Recently when diagnosing an issue with a Sitecore website hosted on Azure Web Apps, I noticed an intermittent issue where we were seeing the application going up and down frequently. i.e. up for a minute, down for two, up, down, up, down.
Investigation led me to see that it was one instance of the Web App that was having issues. With Azure Web Apps it is not easy to see quickly that you have a problem with just one instance, but after a bit of digging I could see that occasionally an instance was exceeding the 90% memory threshold for a prolonged period of time which in turn initiates an application recycle. Every so often the site would not come back up after the restart. The stats showed that the w3wp process is running but at near 0% utilisation.
I initially thought that Azure would automatically detect that the instance was unhealthy and stop sending traffic to it. However after several times of this happening it was clear that this was not the case as we would always see the same symptoms (frequent switching between up and down on our monitoring).
In looking into monitoring health of Web Apps I found that Azure do have a feature to handle this and it has only been around since August last year and is currently in preview. It is called Health Check. AT the time of writing it is still being refined but it currently pings a given URL every 2 minutes and if it doesn’t receive a healthy response after 5 concurrent attempts (i.e. 10 minutes) it will remove the instance from the load balancer. If it still is unhealthy after an hour it will restart the instance.

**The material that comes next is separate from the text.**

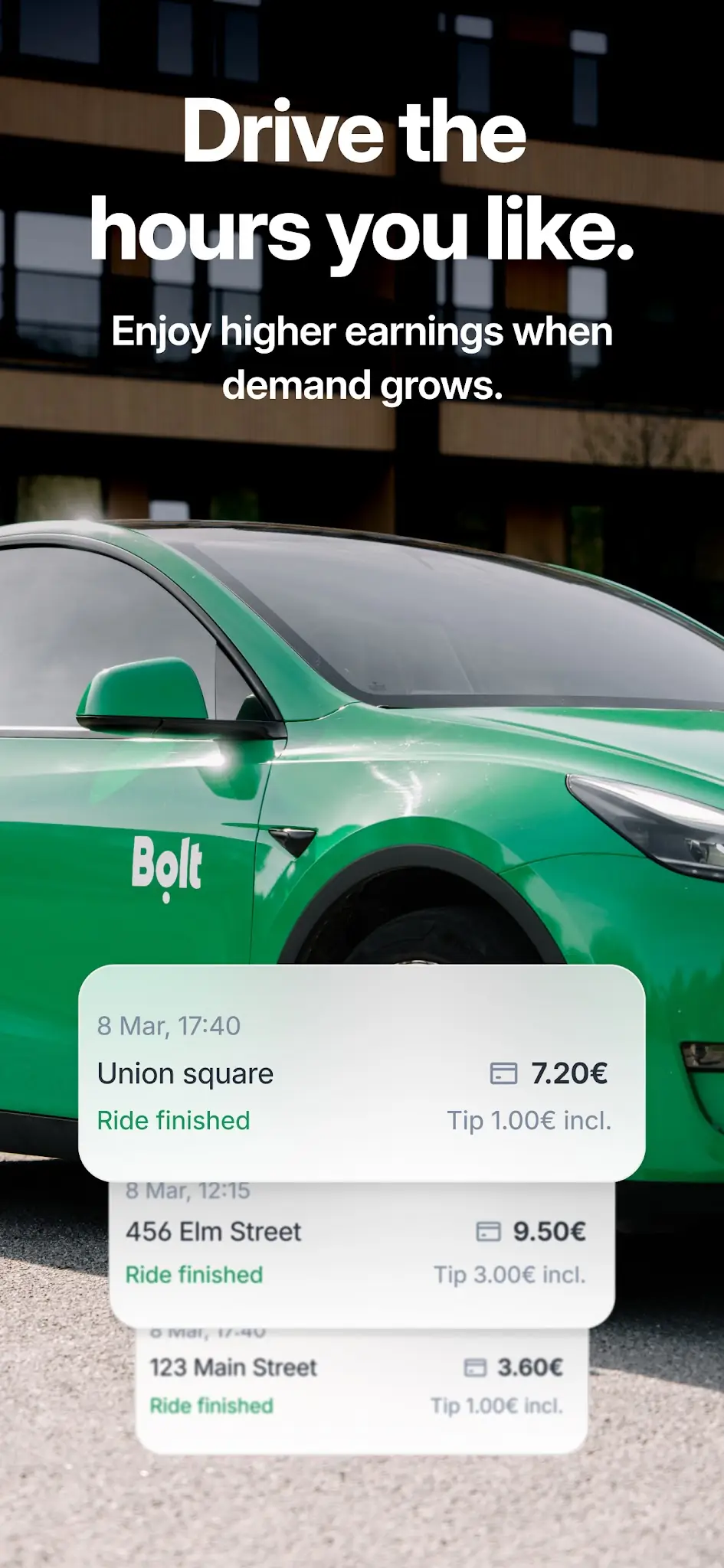 Ekran Görüntüsü Bolt Driver: Drive & Earn 3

This is exactly what we needed and quickly I had this in place. For a quick win I simply pointed this at a search result page as this tests that pages are working along with Azure Search queries. You would want to implement a custom URL that tests all of the key features of your website and return the correct status code accordingly.
Naturally, being Sitecore there was a gotcha. After following the instructions to getting it set up I was seeing that both my instances were unhealthy. I suspected that a redirect could be getting in the way of returning the required 2xx status code. After a bit of digging I found that the issue was the health check requests were coming in on a different hostname and Sitecore was not serving this to the “website”. Instead it was falling under the remit of the “scheduler” site (from the <sites> configuration), and redirecting to the page not found page.
There are many ways you could deal with this but the simplest for me was to add the hostnames that Azure was using, to the “website” configuration in the <sites> section. A quick bit of logging revealed that it uses the application name (i.e. the default address for your Web App but without the “.azurewebsites.net” part). I added these to the “hostName” parameter.
Once you get past the Sitecore gotcha it’s a piece of cake and a crucial addition to any solution. I had assumed that this all just happened out of the box but with the root being hit, but this goes to show you should never assume.